Guo HJ. Adult presentation of Shwachman-Diamond syndrome complicated by liver cirrhosis and pancreatic fat infiltration: A case report. World J Hepatol 2025; 17(6): 108558 [DOI: 10.4254/wjh.v17.i6.108558]
This article is an open-access article which was selected by an in-house editor and fully peer-reviewed by external reviewers. It is distributed in accordance with the Creative Commons Attribution Non Commercial (CC BY-NC 4.0) license, which permits others to distribute, remix, adapt, build upon this work non-commercially, and license their derivative works on different terms, provided the original work is properly cited and the use is non-commercial. See: http://creativecommons.org/licenses/by-nc/4.0/
World J Hepatol. Jun 27, 2025; 17(6): 108558 Published online Jun 27, 2025. doi: 10.4254/wjh.v17.i6.108558
Adult presentation of Shwachman-Diamond syndrome complicated by liver cirrhosis and pancreatic fat infiltration: A case report
Hai-Jun Guo
Hai-Jun Guo, Department of Hepatic, Xingtai People's Hospital, Xingtai 054001, Hebei Province, China
Author contributions: Guo HJ contributed to manuscript writing and editing, data collection, read and approved the final version of the manuscript to be published.

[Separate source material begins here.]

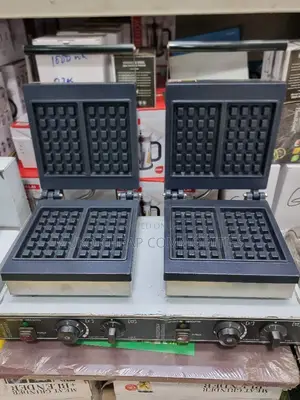 Commercial Waffle Maker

Informed consent statement: Informed consent was obtained from the patient for the publication of this case report and the accompanying images. All data were anonymized to ensure the protection of patient privacy.
Conflict-of-interest statement: All authors declare no conflicts of interest related to this work.
CARE Checklist (2016) statement: The authors have read the CARE Checklist (2016), and the manuscript was prepared and revised according to the CARE Checklist (2016).
Open Access: This article is an open-access article that was selected by an in-house editor and fully peer-reviewed by external reviewers. It is distributed in accordance with the Creative Commons Attribution NonCommercial (CC BY-NC 4.0) license, which permits others to distribute, remix, adapt, build upon this work non-commercially, and license their derivative works on different terms, provided the original work is properly cited and the use is non-commercial. See: https://creativecommons.org/Licenses/by-nc/4.0/
Received: April 17, 2025 Revised: May 13, 2025 Accepted: May 29, 2025 Published online: June 27, 2025 Processing time: 69 Days and 4.2 Hours
Abstract
BACKGROUND
Shwachman-Diamond syndrome (SDS) is a rare genetic disorder that affects multiple organs, primarily the liver. Most patients are diagnosed during infancy or early childhood. As they grow older, the majority of affected children may experience spontaneous remission, and cases of cirrhosis in adults are rarely reported.
CASE SUMMARY
A 36-year-old male patient presented with massive ascites. Laboratory tests revealed pancytopenia and a serum-ascites albumin gradient greater than 1.1 g/dL. An abdominal computed tomography scan demonstrated cirrhosis, splenomegaly, pancreatic fat infiltration, and a substantial accumulation of peritoneal fluid. Gastroscopy identified esophageal varices. Liver stiffness measurement indicated a value of 32.7 kPa. Based on the results of auxiliary examinations, common causes of cirrhosis were excluded, and a mutation in the Shwachman-Bodian-Diamond syndrome gene was ultimately identified through whole-exome sequencing. The patient was diagnosed with cirrhosis secondary to SDS. Following the correction of hypoalbuminemia and administration of diuretics, the patient's ascites resolved.
CONCLUSION
Patients with liver cirrhosis who also exhibit pancreatic fat infiltration and pancytopenia necessitate further exon testing to exclude the possibility of SDS.
Core Tip: Shwachman-Diamond syndrome (SDS) frequently results in abnormal liver function and hepatomegaly during infancy and early childhood. However, adult liver pathologies caused by SDS are rare. We present a unique case of a 36-year-old patient diagnosed with SDS through whole-exome sequencing, highlighting the possibility of SDS in cases of unexplained cirrhosis and pancreatic fat infiltration.